• _Task description_
Exact transcription of the data below is required, without the images.

• _Recorded data_
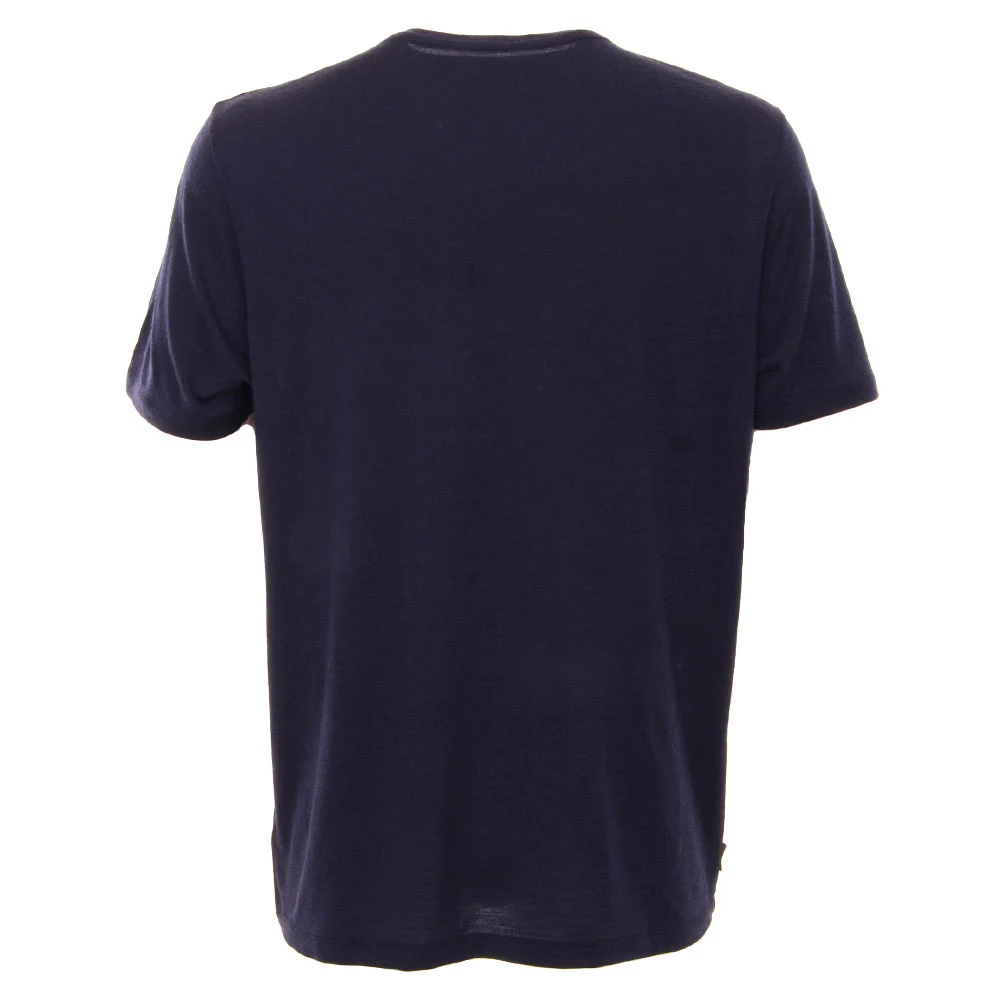 Icebreaker Merino Tech Lite Short Sleeve Crewe Cook Crest Mens T-Shirt Midnight Navy M 4 Icebreaker Merino Tech Lite Short Sleeve Crewe Cook Crest Mens T-Shirt Midnight Navy M - Image 2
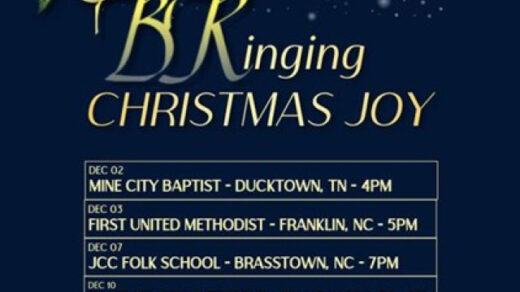 12/2 Brasstown Ringers Community Handbell Concert Ducktown, TN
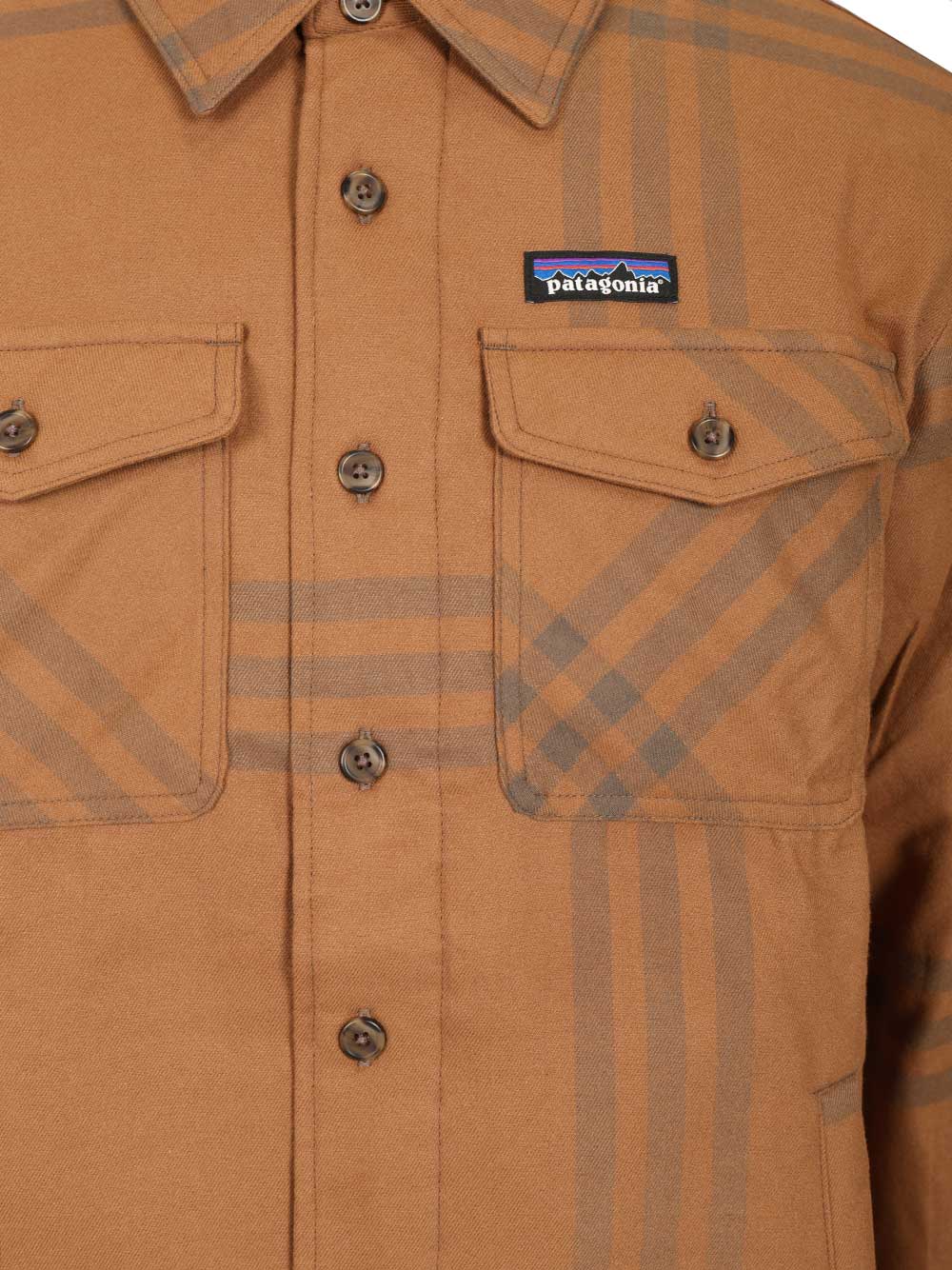 Patagonia Brushed Flannel Shirt Giacche - Marrone | 791fb29ce187c5f9ef0b1b44300d7c7617967fe7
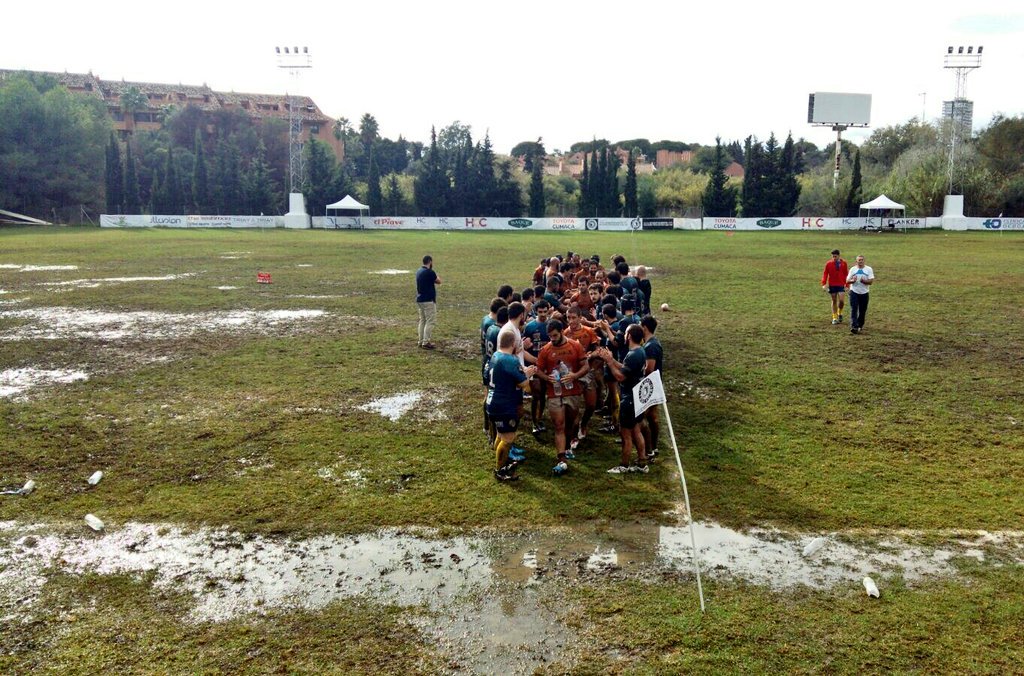 Finaliza el #partido con un 24 - 7  ¡Enhorabuena a <a href="/RugbyEcoMalaga/">Rugby Económicas</a>! A nosotros nos toca seguir trabajando 💪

• _The answer_
 Icebreaker Merino Tech Lite Short Sleeve Crewe Cook Crest Mens T-Shirt Midnight Navy M 4 Icebreaker Merino Tech Lite Short Sleeve Crewe Cook Crest Mens T-Shirt Midnight Navy M - Image 2
 12/2 Brasstown Ringers Community Handbell Concert Ducktown, TN
 Patagonia Brushed Flannel Shirt Giacche - Marrone | 791fb29ce187c5f9ef0b1b44300d7c7617967fe7
 Finaliza el #partido con un 24 - 7  ¡Enhorabuena a <a href="/RugbyEcoMalaga/">Rugby Económicas</a>! A nosotros nos toca seguir trabajando 💪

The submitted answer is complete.